A segunda cena ocorreu na escola em que havia trabalhado o professor Camilo, localizada em um bairro da região central de um município industrial. Não vou avançar na narração da receptividade pouco amigável que tivemos por parte da direção da escola, mas sim do extremo acolhimento e interesse com que fomos recebidas/os pelas/os ex-alunas/os do professor. Nem todas as turmas com as quais realizamos oficinas haviam trabalhado com ele, mas tive a oportunidade de estar em uma das que trabalhara. Nesse grupo, ocorreu uma completa inversão das dinâmicas que costumávamos observar entre as/os estudantes.

As pessoas que mais se pronunciaram e participaram foram meninas, sendo que algumas delas se assumiram lésbicas diante de toda a turma. O tema – não por acaso – era homofobia, e os relatos de vivências que as alunas trouxeram fizeram algumas delas chorar. Uma menina que, suponho, se considerava heterossexual, emocionou-se ao apoiar a amiga; outra aluna contou as discriminações que sofria por ter duas mães e por ter se “descoberto” lésbica também. Nenhum menino se expôs do mesmo modo, mas alguns deles vieram dizer “obrigado” ao final da oficina.

Minha reflexão sobre esse episódio é que essas reações foram desencadeadas pelo trabalho contínuo de Camilo, associado ao fato de que ele se tornou adorado por toda a turma e à legitimidade que a presença da nossa equipe trouxe para a questão da homossexualidade.
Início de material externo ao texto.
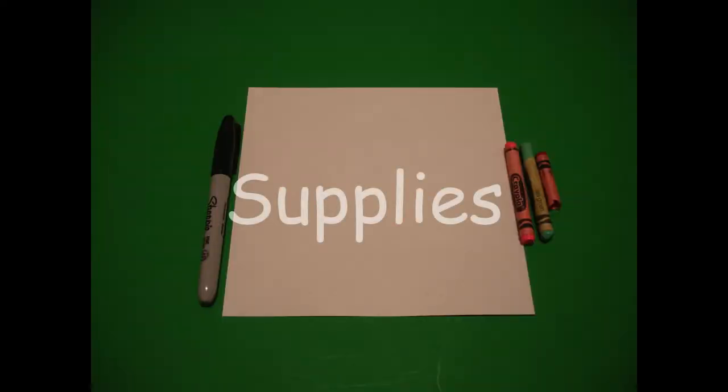Okay, let's draw. Today's project is how to draw a teacup for Mother's Day.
Assim, num contexto que se mostrava bastante hostil, a atuação de um professor como Camilo, com relações muito fortes de identificação com as/os estudantes, tornou-se potencialmente desestabilizadora. No âmbito dessa oficina, em que havia também toda uma equipe corroborando os discursos do professor, com todas as implicações simbólicas de

representar uma universidade, conduziu ao que entendo como uma inversão das relações de poder entre as/os alunas/os. Ali, a legitimidade de fala era delas: meninas e lésbicas.